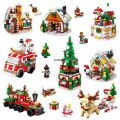Make DIY IY Handmade House Model D Educational Christmas Christmas Building Blocks Set Assemble Mini House Mini Building Blocks Toy Christmas Gifts. 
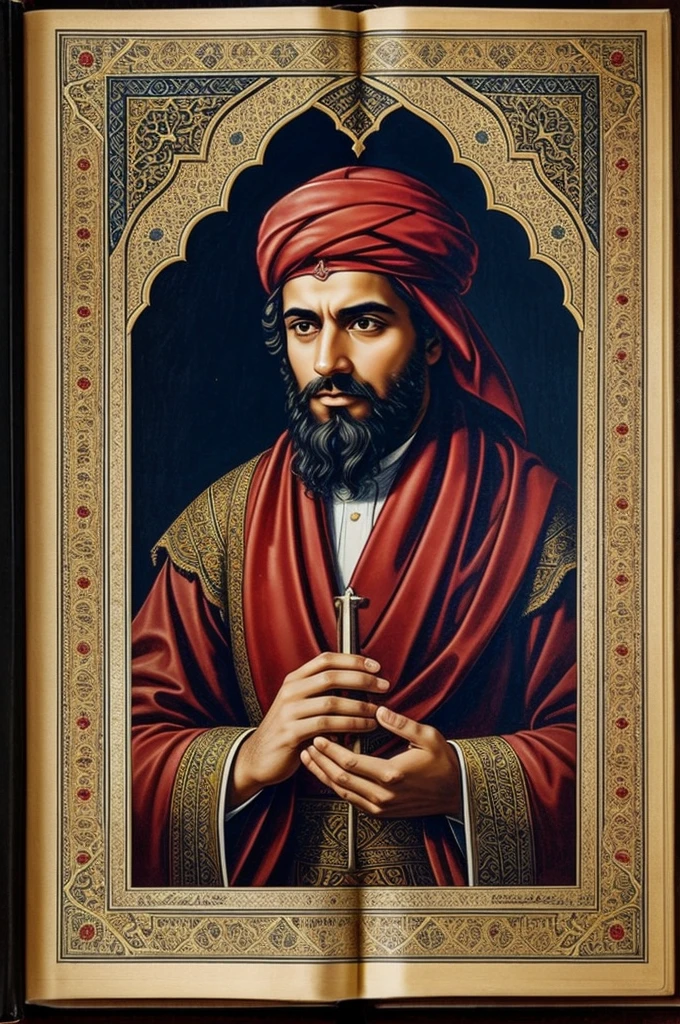 Create a pic of martyred man who's blood fluent on holy Quran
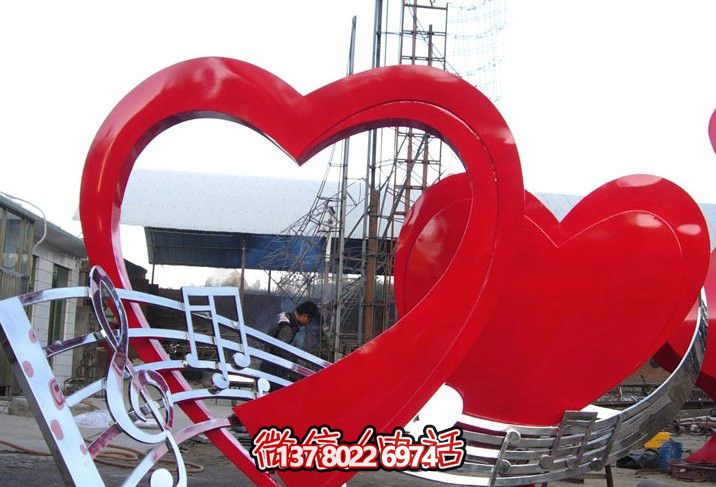 戶(hù)外不銹鋼音符紅色愛(ài)心雕塑 戶(hù)外不銹鋼音符紅色愛(ài)心雕塑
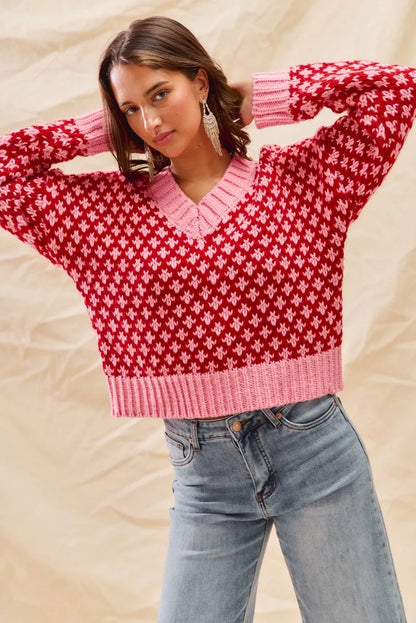 SO ME Color Block Textured Christmas Sweater V Neck Top - Tigbul's Variety Fashion Shop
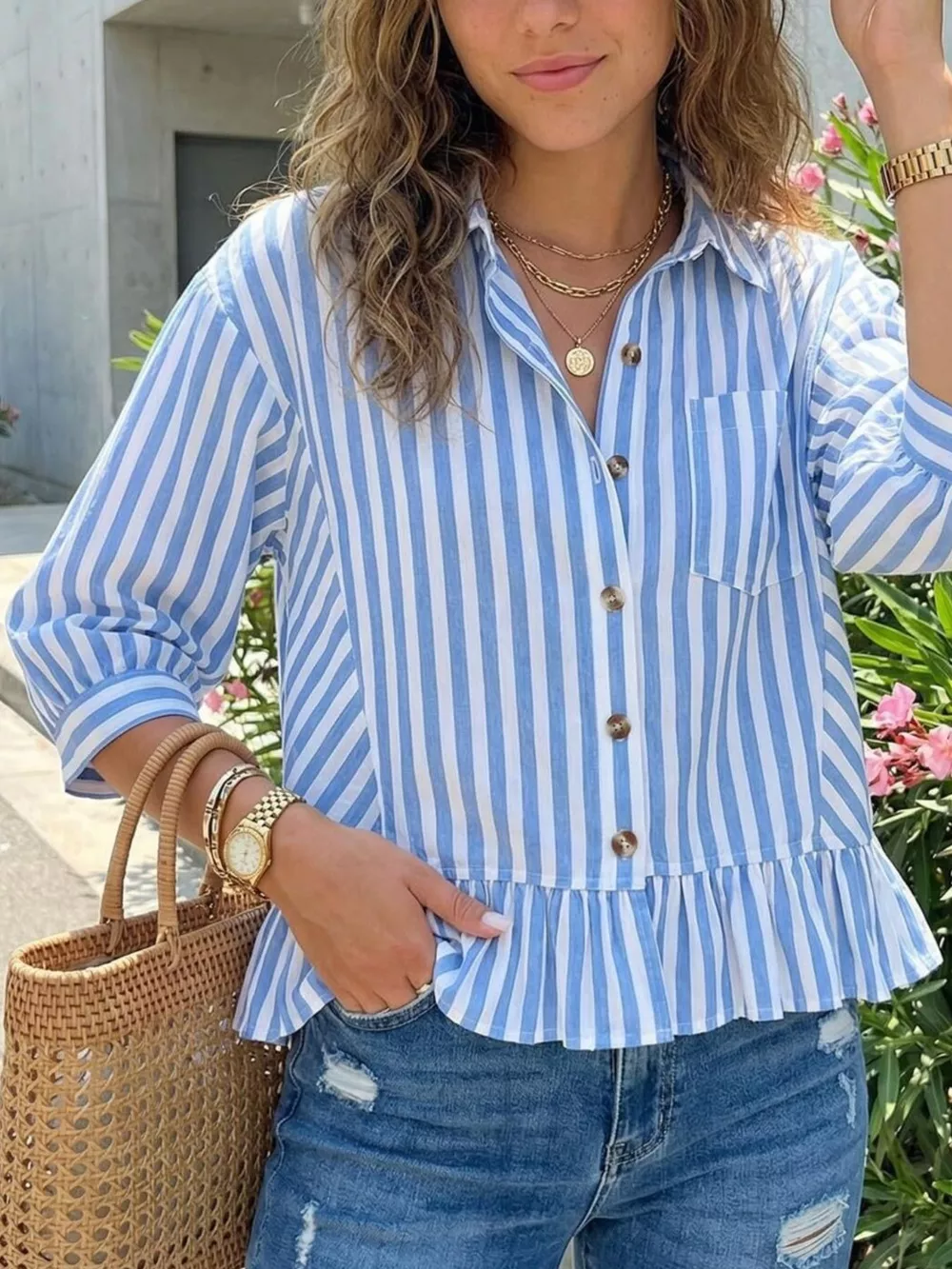 Striped Ruffle Hem Button-Down Shirt, image 2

Assigned task = Write the lines out word for word, starting at the one with "SO ME Color" and stopping after the last line of the material above, with pictures excluded.

Expected answer =
 SO ME Color Block Textured Christmas Sweater V Neck Top - Tigbul's Variety Fashion Shop
 Striped Ruffle Hem Button-Down Shirt, image 2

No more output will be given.